And finally, on my Facebook page is a photo of a man holding on to a ledge of a cliff and trying to save a companion who has slipped off and is apparently headed for certain death.

The caption reads “scary.” But the companion photo, with the words “Not Really,” shows the photo as it was taken. Instead of a man sliding down the mountain, he’s merely jumping up while his companion, lying down, holds his hand up as if trying to save the man.

The “scary” photo, rotated 90 degrees, shows an entirely different perspective. But even knowing there was photographic trickery involved, I still feel my pulse racing no matter how many times I look at the photo.

• • •

Reaction continues to come in to the recent column on panhandlers.

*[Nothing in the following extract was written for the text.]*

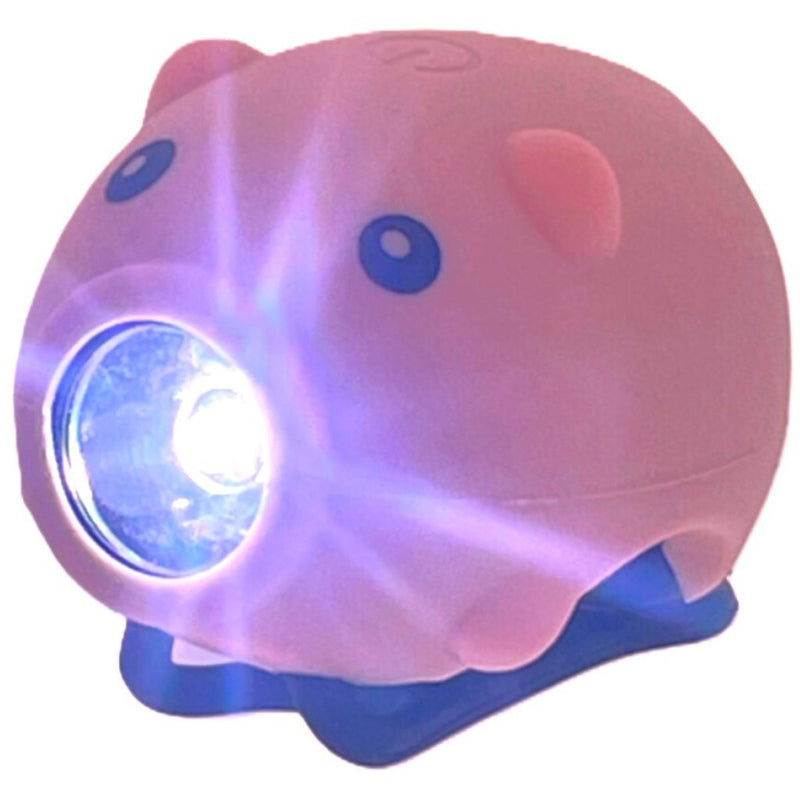 Load image into Gallery viewer, Pexkids fietstoeter varken met led lamp usb roze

Here are some of the comments:

Ron Querry: I agree with your initial caller (who suggested people like me aggravate the homeless situation. You’re encouraging them, and it’s not good for our city.

Jim Terr: I like the guy who asks for five dollars, just to raise the bar a little bit and make you feel like you’re cheap if you give him only a dollar.

And Jeanette Yara made me aware of how difficult it is to dictate how panhandlers spend the money we give them.

True, most beggars tell us what they need the money for, but once we give it up — with no strings attached — isn’t it out of our hands — literally?

• • •

Were the TV announcers of the NCAA championship game Monday even aware of the Tar Heels’ opponent? We saw virtually no views of the Villanova bench nor its coach, nor its fans. But worse was the announcers’ continual reference to the “bad luck,” “sadness” and “miserable way to end a season” for the Tar Heels.

Did the announcers even notice that a better team had just defeated N.C. on a buzzer-beater? The coverage ended with file clips of N.C. against other teams.

I wish the announcers, Wes Durham and Brendan Haywood, had made their comments part of a joyous occasion, a victory for Villanova instead of a funeral dirge for North Carolina.